Reframing (and Reclaiming) Pregnancy and Abortion

Khiara Bridges, When Pregnancy is an Injury: Rape, Law, and Culture, 65 Stan. L. Rev. 457 (2013).

In recent years, anti-abortion advocates have argued that abortion harms not only a developing fetus, it also harms the woman who chooses to terminate her pregnancy. These arguments, which Reva Siegel has termed “woman-protective anti-abortion argumentation,” have made their way into abortion jurisprudence.1  In the 2007 case Carhart v. Gonzales,  a majority of the Supreme Court characterized abortion as “a difficult and painful moral decision” that may cause women profound psychological, physical, and emotional harm.2

In response to these arguments and the judicial decisions that entrench them as truths, pro-choice advocates have sought to recast abortion in a more positive light. Katha Pollit’s recent book, Pro: Reclaiming Abortion Rights, seeks to strip abortion of its stigma by reframing it as a common part of a woman’s reproductive life—one that may have positive implications for the woman, her family, and society. Similar themes have surfaced in popular culture. In the 2014 movie Obvious Child, Donna, a struggling twenty-something, becomes pregnant after a one-night stand and decides to have an abortion. Donna’s decision is utterly devoid of the usual angst and drama that attends television and film depictions of similar scenarios. Indeed, she is matter-of-fact about the decision, never contemplating the possibility of raising the child herself or giving it up for adoption. More radically, Donna is no worse for the wear after her abortion. Indeed, she is pleased with her decision, confident that it was the right choice for her.

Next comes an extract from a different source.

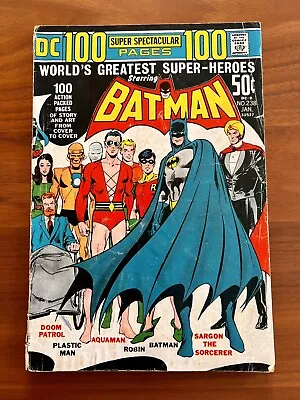 Buy Batman 238 Neal Adams Cover Doom Patrol Origin 100 Page Giant VG/F • 16.07£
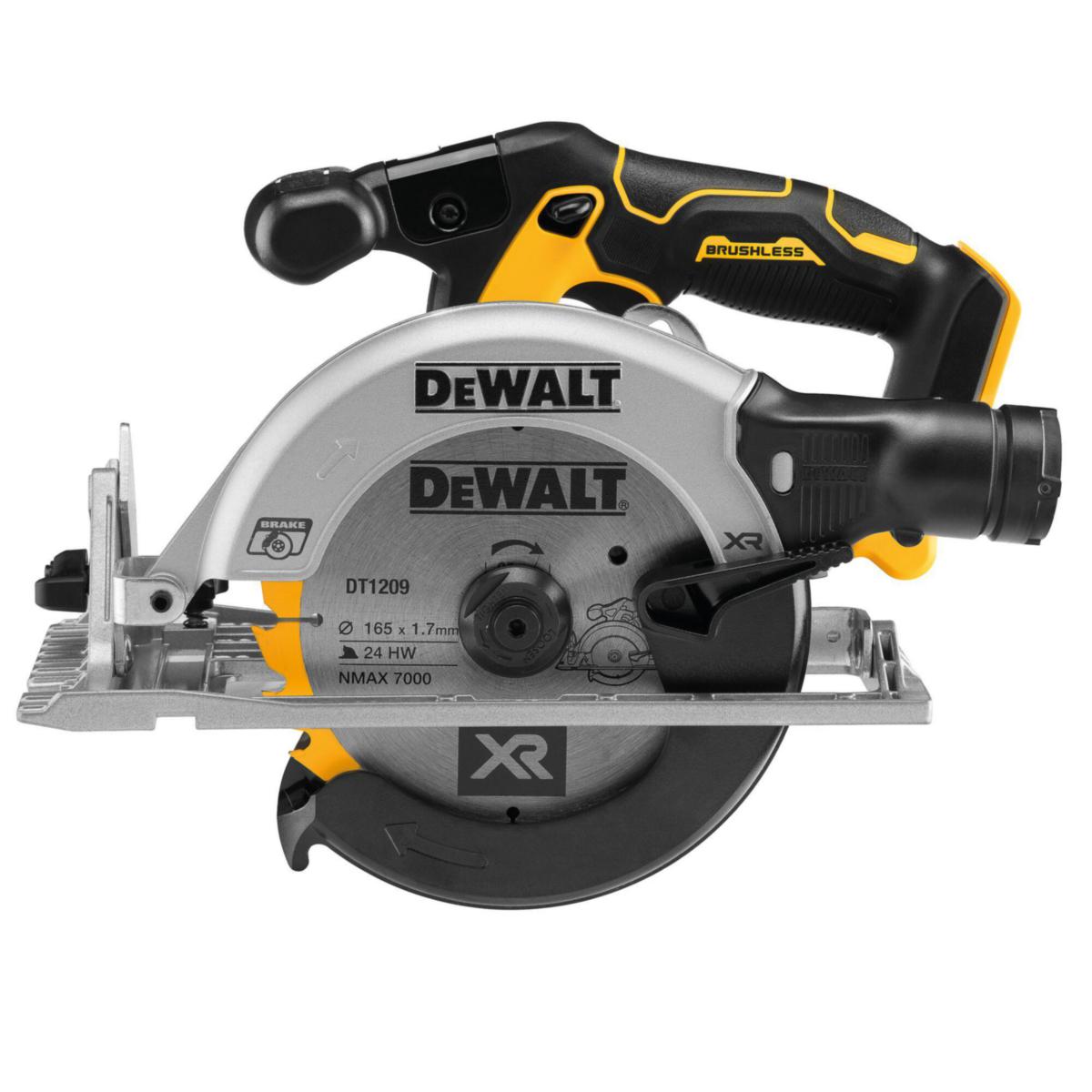 Sirkelsag DeWalt DCS56NT Solo - Sirkelsag DCS565NT DeWalt 18V Ø165mm solo T-Stak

Amidst these popular efforts to recast abortion in a more positive light comes Khiara Bridges’s excellent article, When Pregnancy is an Injury: Rape, Law, and Culture. In the piece, Bridges considers criminal sexual assault statutes that characterize a pregnancy that results from rape as an injury—beyond the rape itself—to the victim. As Bridges observes, these criminal statutes are notable not simply because they identify those circumstances in which the crime of rape is aggravated and subject to heightened penalties; but because they construct pregnancy as an injury to women. As Bridges explains, the construction of pregnancy as an injury “runs counter to positive constructions of pregnancy within culture.” But it is not just that these criminal statutes disrupt the conventional narrative of pregnancy as a beautiful and blessed experience; by reframing pregnancy as an injury, the criminal sexual assault statutes also provide us with an opportunity to reconceive abortion as “a healing modality, serving to heal a woman of her injury.”

There is much to admire about this article. Unlike much of reproductive rights scholarship, which often focuses on doctrinal developments in the law, the article takes an anthropological approach, documenting the interaction between law and culture in constructing the ways in which we understand pregnancy and abortion. In so doing, the article yields trenchant insights about the role that law may play in shaping our cultural understandings of abortion and pregnancy and vice versa. For example, in discussing the range of sexual assault statutes that provide for heightened penalties when a rape results in pregnancy, Bridges makes clear that the statutes are “somewhat exceptional because . . . [they] reflect subversive understandings of pregnancy” that are at odds with prevailing cultural and legal views, which celebrate pregnancy as a good thing for women, even in circumstances where pregnancy is unwanted and unplanned.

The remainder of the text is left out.